Records shown Start Marker

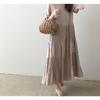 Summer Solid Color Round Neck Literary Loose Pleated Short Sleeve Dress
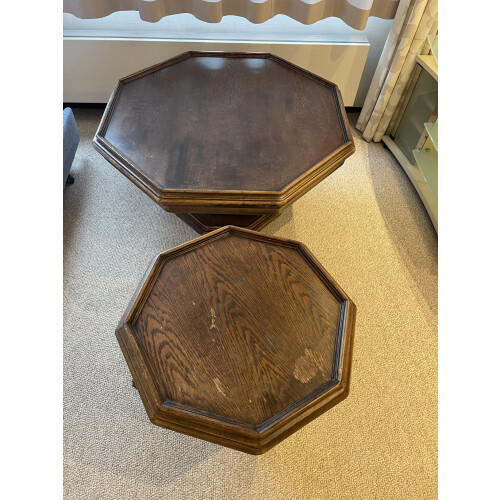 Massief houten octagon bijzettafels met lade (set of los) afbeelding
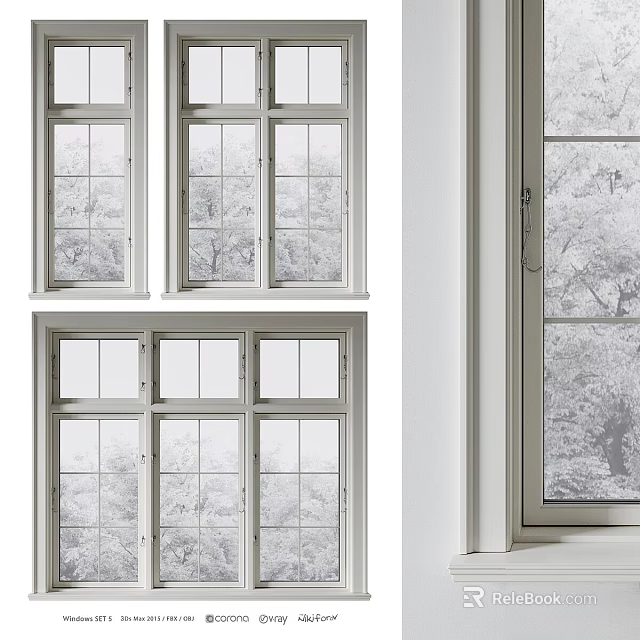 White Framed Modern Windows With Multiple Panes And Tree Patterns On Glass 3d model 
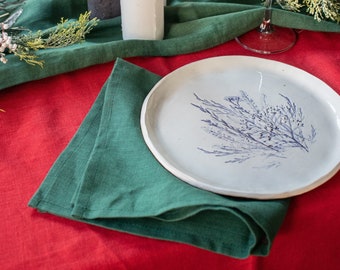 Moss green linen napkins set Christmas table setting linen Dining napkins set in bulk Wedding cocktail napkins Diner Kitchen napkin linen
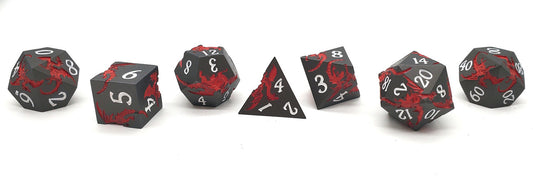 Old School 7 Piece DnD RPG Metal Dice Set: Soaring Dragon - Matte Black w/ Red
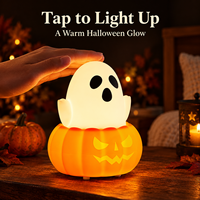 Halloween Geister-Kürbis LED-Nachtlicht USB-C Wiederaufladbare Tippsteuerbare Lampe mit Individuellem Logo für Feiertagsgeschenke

Records shown End Marker
Records shown Start Marker

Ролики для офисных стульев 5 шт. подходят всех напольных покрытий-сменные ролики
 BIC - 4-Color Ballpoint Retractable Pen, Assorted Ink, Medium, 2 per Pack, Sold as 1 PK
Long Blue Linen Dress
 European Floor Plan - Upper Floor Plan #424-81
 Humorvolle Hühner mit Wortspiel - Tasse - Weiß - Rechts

Records shown End Marker

Exercise prompt ▸ Give back exactly the lines above that run from the one with "Old School 7" to the one with "Halloween Geister-Kürbis LED-Nachtlicht", including both, with the pictures left out.

Written response ▸
 Old School 7 Piece DnD RPG Metal Dice Set: Soaring Dragon - Matte Black w/ Red
 Halloween Geister-Kürbis LED-Nachtlicht USB-C Wiederaufladbare Tippsteuerbare Lampe mit Individuellem Logo für Feiertagsgeschenke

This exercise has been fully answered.